J.M. Smucker, the parent company of United States (US) coffee home and instant giant Folgers, has reported a below estimate profit forecast for 2025, with inflating coffee prices expected to squeeze the company’s margin.
The updated full-year fiscal 2026 guidance shows J.M. Smucker forecasts a 3.5 to 4.5 per cent net sales increase, revised from a three to five per cent increase previously estimated.
“The Company continues to operate in a dynamic and evolving external environment, including tariffs and related trade impacts, regulatory and policy changes, ongoing input inflation, and changes in consumer behaviours that could impact its fiscal year 2026 outlook,” the company’s Fiscal 2026 Second Quarter Results report reads.
“This updated guidance reflects the Company’s expectations based on its current understanding of these factors.”
The post-earnings shareholder call featured executives stating the company is absorbing the added costs of tariffs and inflation without raising prices in its coffee portfolio, resulting in additional costs of about US$75 million.
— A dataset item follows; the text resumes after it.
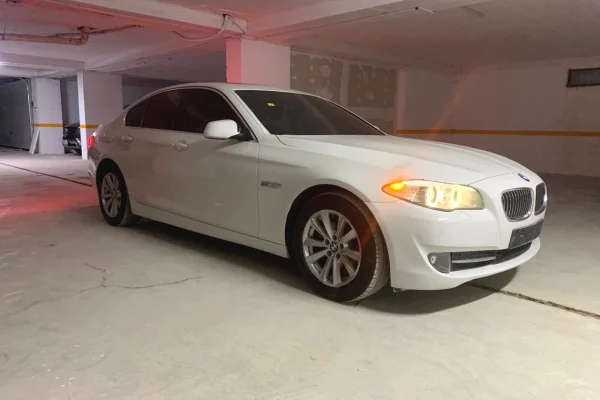 Makina ne shitje ne Vlore, BMW, 2014 Diesel,Kambio Automatik Pagesa 7,799  Euro.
These added costs resulted in a decrease of US retail coffee segment profit of US$48.4 million, falling to US$154.3 million from US$848.9 million of net sales.
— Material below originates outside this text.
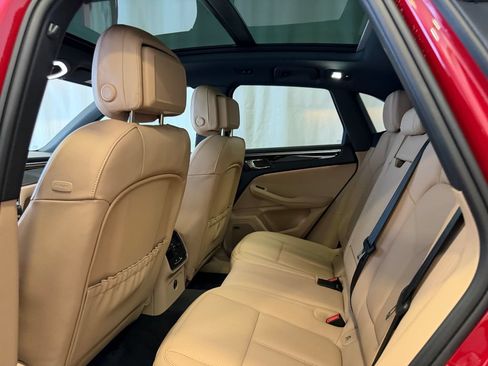 Certified 2026 Porsche Macan AWD/4WD image 24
It also reported a decrease in demand for coffee in its international and away from home segment.
Despite the headwinds, CEO and Chair of the Board Mark Smucker says the overall results from the quarter are largely positive.
“We are pleased with our second quarter results and the positive momentum that we are experiencing in our business,” he says.
“Our top-line growth was driven by ongoing demand for our portfolio of leading brands, and out bottom-line results reflect disciplined cost management and business execution.
“While the overall environment remains dynamic, we continue to navigate successfully what we can control and advance our three strategic priorities of accelerating organic growth, embedding transformation in our every day, and fostering a ‘Be Bold’ mindset.”